Freddie Dale Young appeals from his conviction for possession of an unregistered silencer, in violation of 26 U.S.C. § 5861(d), and from his sentence of imprisonment for ninety-seven months for (1) possessing an unregistered silencer, 26 U.S.C. § 5861(d); (2) conspiring to manufacture methamphetamine, in violation of 21 U.S.C. §§ 841(a)(1), (b)(1)(C), 846; (3) manufacturing methamphetamine, in violation of 21 U.S.C. § 841(a)(1), (b)(1)(C); and (4) possessing a firearm as an unlawful user of or addict to a controlled substance, in violation of 18 U.S.C. § 922(g)(3). On appeal, Young argues that the count charging possession of an unregistered silencer should have been dismissed pursuant to the Speedy Trial Act, that the district court erred in enhancing his sentence pursuant to the U.S. Sentencing Guidelines, and that his sentence is unreasonable.

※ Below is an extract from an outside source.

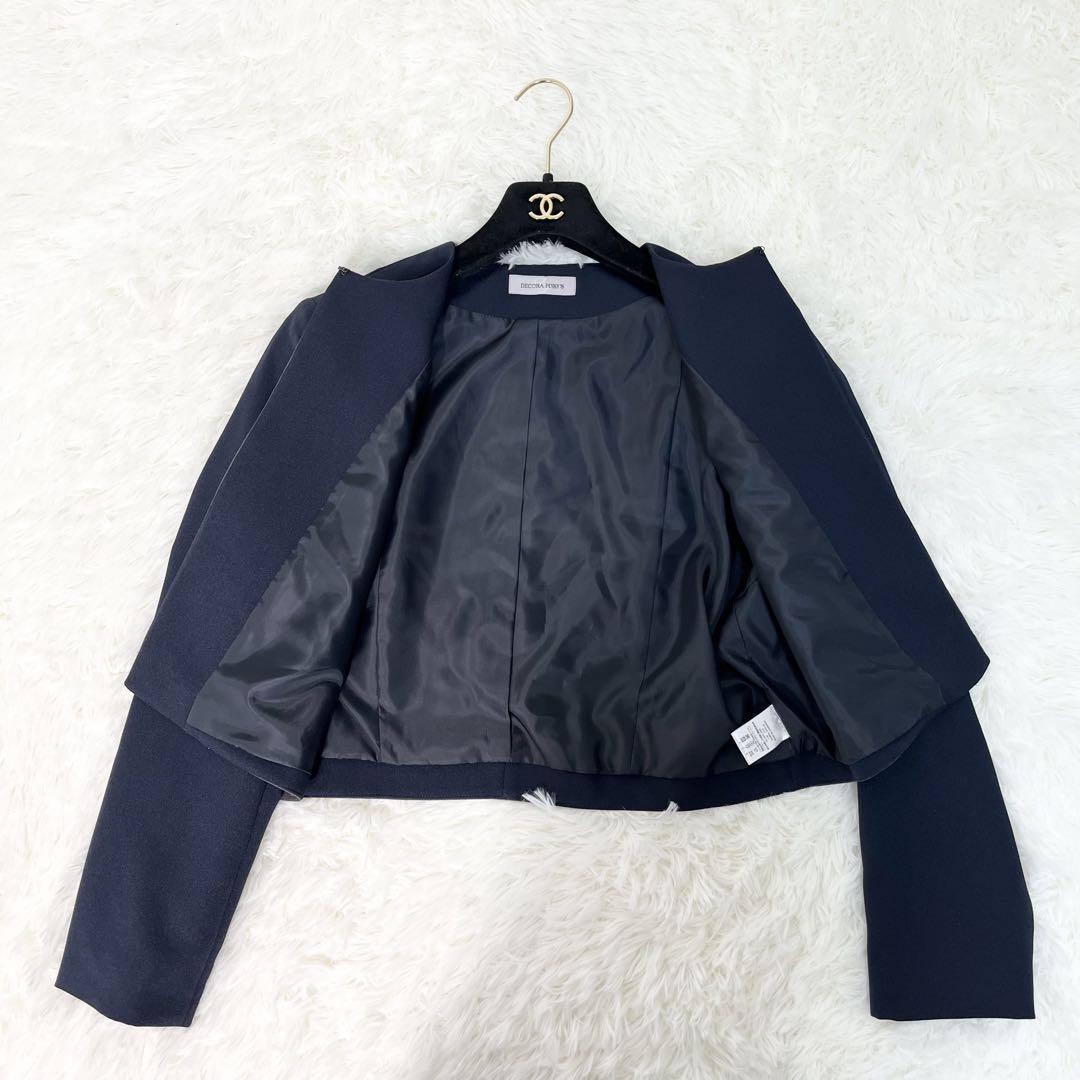 ☆美品☆DECORA PINKY'S デコラピンキーズ キッズ 165E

Young was originally arraigned on a one-count indictment for possessing an unregistered silencer. Approximately two months later, a federal grand jury returned a five-count superseding indictment against Young, which included four counts in addition to the first count charged in the original indictment.1 From the face of the superseding indictment, the additional charges relate to a conspiracy to manufacture methamphetamine and are unrelated to the original charge for possession of an unregistered silencer. Several days before trial, Young moved the district court to dismiss the first count of the superseding indictment, arguing that more than seventy non-excludable days had passed since his original indictment on the charge, and that he had therefore been denied a speedy trial. The district court denied Young's motion and proceeded to trial. Young now appeals from the denial of his claim under the Speedy Trial Act of 1974, 18 U.S.C. §§ 3161-3174, and we review his claim de novo. United States v. Schier, 438 F.3d 1104, 1107 (11th Cir.2006). The government concedes that more than seventy non-excludable days passed between the original indictment and trial, but argues that the filing of the superseding indictment for other charges against Young reset the speedy-trial clock with respect to the first count, which was contained in the original indictment. We hold that the filing of the superseding indictment did not reset the clock as to this charge.
The Speedy Trial Act requires that criminal defendants be tried within seventy days of the later of indictment or arraignment. 18 U.S.C. § 3161(c)(1). Certain periods of time are excluded from the calculation, however, such as any period of delay "resulting from other proceedings concerning the defendant," id. § 3161(h)(1), or resulting from a continuance granted by the judge to serve the "ends of justice," id. § 3161(h)(8)(A). The consequences for failure to try a defendant within seventy non-excludable days are severe, and include dismissal with prejudice of the charges against the defendant. Id. § 3162(a)(2). Although the Speedy Trial Act does not speak to whether the filing of a superseding indictment resets the speedy-trial clock with respect to charges contained in previous indictments, the language of a particular exclusion under the Act is instructive.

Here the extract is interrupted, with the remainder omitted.